Satire in der ARD: Staatsanwältin kam nicht aus Köln
„Haben Sie sich nicht gefragt, warum er Ihnen Hilfe angeboten hat, obwohl er sie gar nicht kannte?“, fragt eine junge Staatsanwältin in dem Film. Sie kam nicht aus Köln. Sie kannte Köln nicht: Die korrupte Stadtgesellschaft nicht, aber auch nicht die gute Grundhaltung all derer, die diese Stadt für ihre unkomplizierte, menschliche Hilfsbereitschaft lieben.
Was in der Satire als „ekelhaft nett“ bezeichnet wird, ist die dreiste und gemeine Ausprägung des Klüngels. Dass es das gab, ist unbestritten. Das haben Gerichte festgestellt. Gefälligkeiten werden da zur „Grundlage für die richtigen Geschäfte“. Der schmierige Baulöwe verlangt im Film von einem städtischen Bürokraten, „Dankbarkeit“ zu zeigen und Gesetze zu verletzen: Eine klassische Korruptions-Beziehung. An einer Stelle des Films stöhnt jemand über die vordergründige Mischung aus „Bräsigkeit, ‚joode Fründe‘ und Alaaf“, hinter der es „knallhart“ zugehe.

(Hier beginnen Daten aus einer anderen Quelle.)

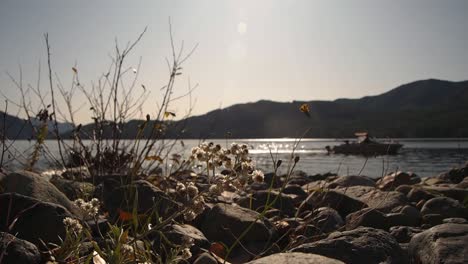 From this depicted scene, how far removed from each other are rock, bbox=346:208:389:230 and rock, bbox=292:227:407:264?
125cm

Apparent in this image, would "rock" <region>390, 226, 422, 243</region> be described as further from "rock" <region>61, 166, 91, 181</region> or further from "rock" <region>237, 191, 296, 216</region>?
"rock" <region>61, 166, 91, 181</region>

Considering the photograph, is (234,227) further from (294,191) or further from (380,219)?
(294,191)

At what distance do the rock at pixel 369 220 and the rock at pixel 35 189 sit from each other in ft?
9.83

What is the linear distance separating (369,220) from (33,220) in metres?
3.50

Die Ära dieser Korruptions-Klüngler ist hoffentlich vorbei. Sie haben es übertrieben. Sie haben diese Satire als mediale Ohrfeige wahrlich verdient. Denn sie haben Köln geschadet: Finanziell, rechtlich, vom Ruf her. Sie haben ihre Opfer gedemütigt, bis diese mit gemacht haben im dubiosen Millionen-Spiel zu Lasten der Steuerzahler. Sie haben uns Kölnerinnen und Kölner betrogen. „Wenn Sie das so sehen…“, räumt der Baulöwe im ARD-Streifen gedankenverloren ein. Alleine damit hat er sich als echter Klüngler disqualifiziert.
Kölscher Klüngel geht anders
In unserem Millionendorf am Rhein ist das aber kein Alltag. Wir Kölnerinnen und Kölner wären viel zu lebensfroh und vergesslich, um uns kleine Alltags-Hilfen in einem Buch zu notieren. Wir demütigen nicht und verteilen keine Ohrfeigen. Wir hören auf unser Unrechtsbewusstsein, wenn jemand dreist wird und uns in die Korruption ziehen will. Wir lassen uns den guten Klüngel nicht nehmen, laden uns auch weiterhin ohne Hintergedanken gegenseitig zum Kölsch ein.
Kölscher Klüngel kann missbraucht werden
Lächerlich sind bloß diejenigen, die den Klüngel für eigene Zwecke missbrauchen. Hoffentlich gibt es sie wirklich nur noch im fiktionalen Fernsehfilm.